As I come to an end, it's important to acknowledge the person who inspired me to embark on this journey of mindful and sustainable living. I'd like to introduce you to a remarkable individual who has made an extraordinary commitment to our planet. This man left his family and career behind for 11 years, recognizing the urgent need to address our environmental challenges. His name is Professor Chetan Singh Solanki, a Professor at IIT Bombay, currently on an Energy Swaraj Yatra aboard a solar-powered bus. Inside this solar bus, Professor Solanki has created a self-sustaining environment complete with a room, office, library, garden, temple, drawing room, kitchen, and washroom—everything essential for a living. Despite the sacrifices he's made, when asked how he's doing, his response is always "I'm happy." His happiness and dedication serve as a powerful reminder of the importance of finding joy in simplicity.


Dr. Sudipti Arora, alongside Professor Chetan Singh Solanki at IIT Bombay, Jan 2023.


The Solar Bus embarking on the Energy Swaraj Yatra at Dr. B. Lal Institute of Biotechnology, Jaipur, Oct, 2023.

If he can undertake this incredible journey, why can't we? Let's emulate his example and adopt mindful consumption practices in every aspect of our lives.

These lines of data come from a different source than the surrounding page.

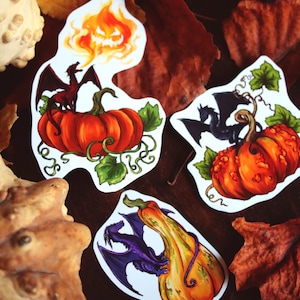May include: Set of three stickers featuring pumpkins and dragons. One sticker shows a dragon on a pumpkin with a fiery face above. Another shows a black dragon on a textured pumpkin. The third shows a purple dragon on a long, orange pumpkin.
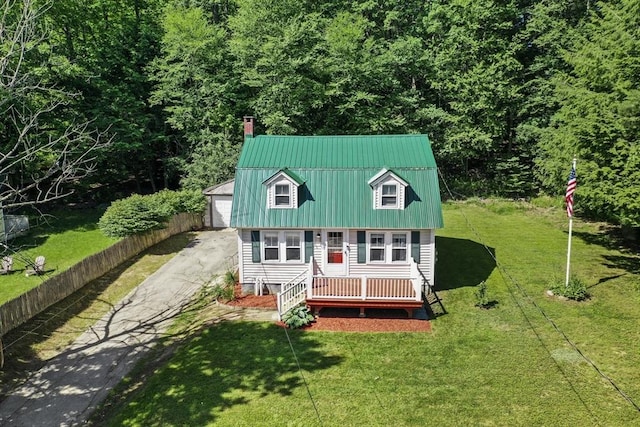 66 Squantum Rd, Jaffrey, NH 03452 - view of front of home featuring a chimney, an outdoor structure, a front lawn, a metal roof, and a garage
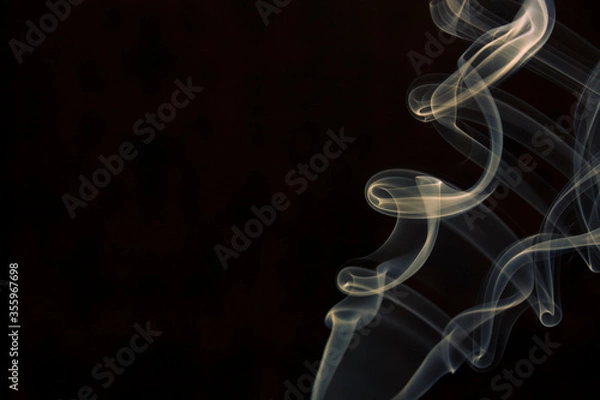 Obraz yellow smoke on black background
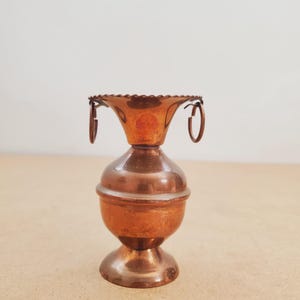 Puede incluir: Un portavelas de cobre vintage con base redonda, sección media bulbosa y parte superior acampanada con borde festoneado. Dos pequeñas asas circulares están unidas a la parte superior. El portavelas tiene un color marrón rojizo cálido.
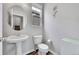 Powder room featuring a pedestal sink, toilet, modern lighting and decor at 23601 E Mississippi Cir, Aurora, CO 80018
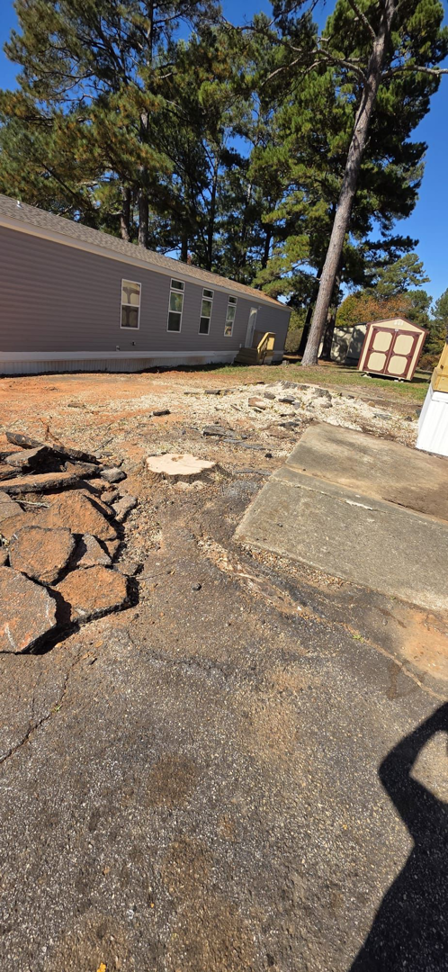 A tree stump and disturbed ground after a professional tree removal service by Treevol Service LLC in Gwinnett, Atlanta, GA.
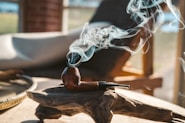 smoke coming from brown smoking pipe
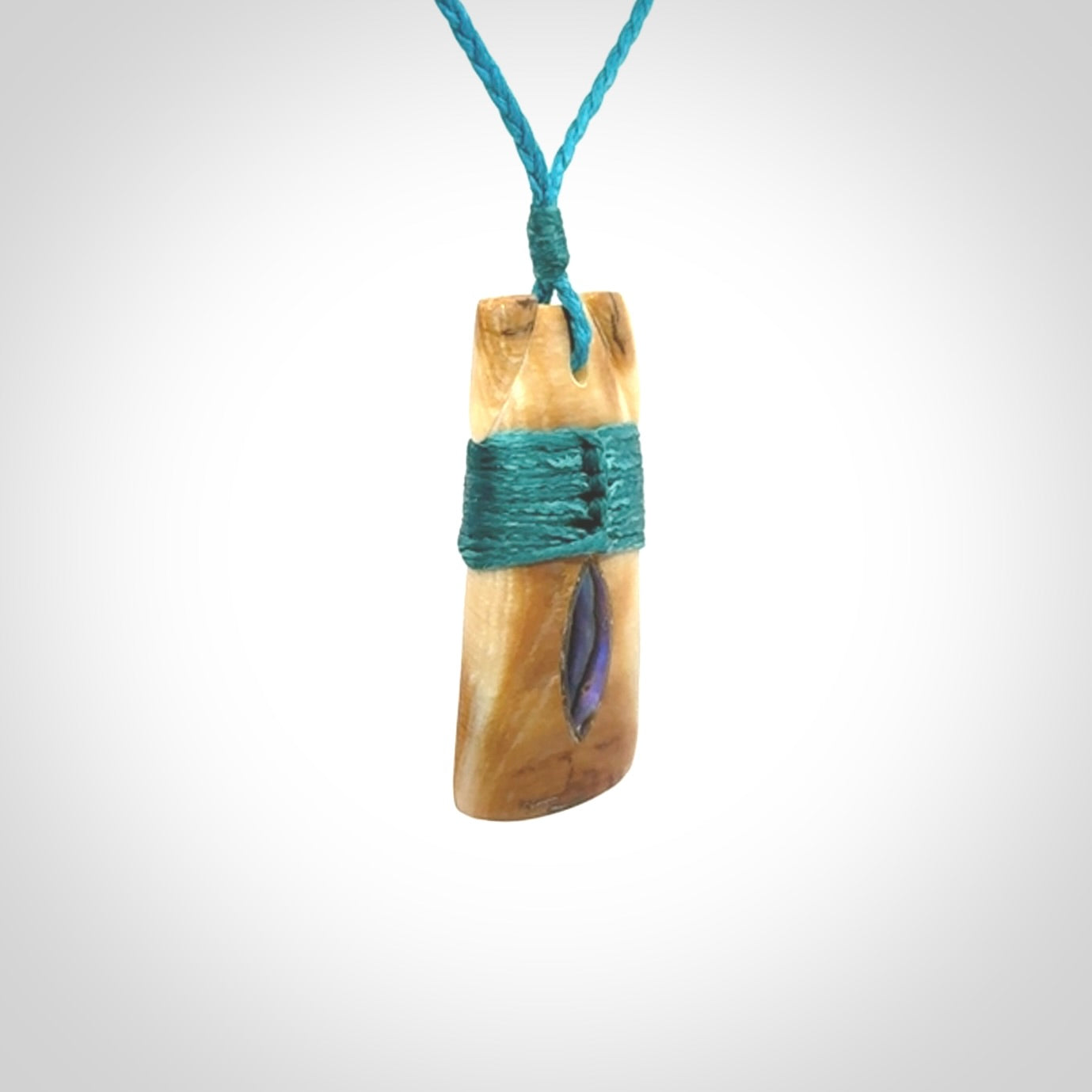 A stunning hand carved Woolly Mammoth Tusk Toki pendant. The toki has a small oval shaped piece of Pāua shell inset into the front face. This piece is bound with an adjustable cord. This is a little piece of Art to wear.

As he suggests, let's adhere to the AMG approach (Avoid, Minimize, Generate), or else we'll find ourselves exclaiming OMG (Oh my god). Together, we have the power to create a significant positive impact on our planet and the generations to come.

And now, let's listen to the voice of our planet:

"In a world where chaos seems to reign, Our planet cries out in silent pain.

Through storms and fires, it speaks to us loud, Begging for mercy from the relentless shroud.

Yet we turn a blind eye, lost in our race, ignoring the signs of Earth's weary face.

In the midst of our greed, we fail to see, The damage we cause, the misery we decree.

But amidst the darkness, a glimmer of hope, A chance to change, to break free from the rope.

With every step forward, with every mindful choice, We can heal the wounds, we can find our voice.

So let us rise up, with courage and might, And stand as guardians in Earth's darkest night.

For together we hold the power to mend, To create a future where all can transcend.

Let's pledge to be stewards of our planet, nurturing it with love, and remember that every action, no matter how small, has the power to make a difference. Let's strive to be more conscious of our choices and work together towards a sustainable future for ourselves and generations to come.

This blog is dedicated to two individuals: Prof. Chetan Singh Solanki and my son, Suyansh, as both have imparted the essence of sustainability to me. Once again, thank you for joining me on this journey of reflection and action and reading it till the end.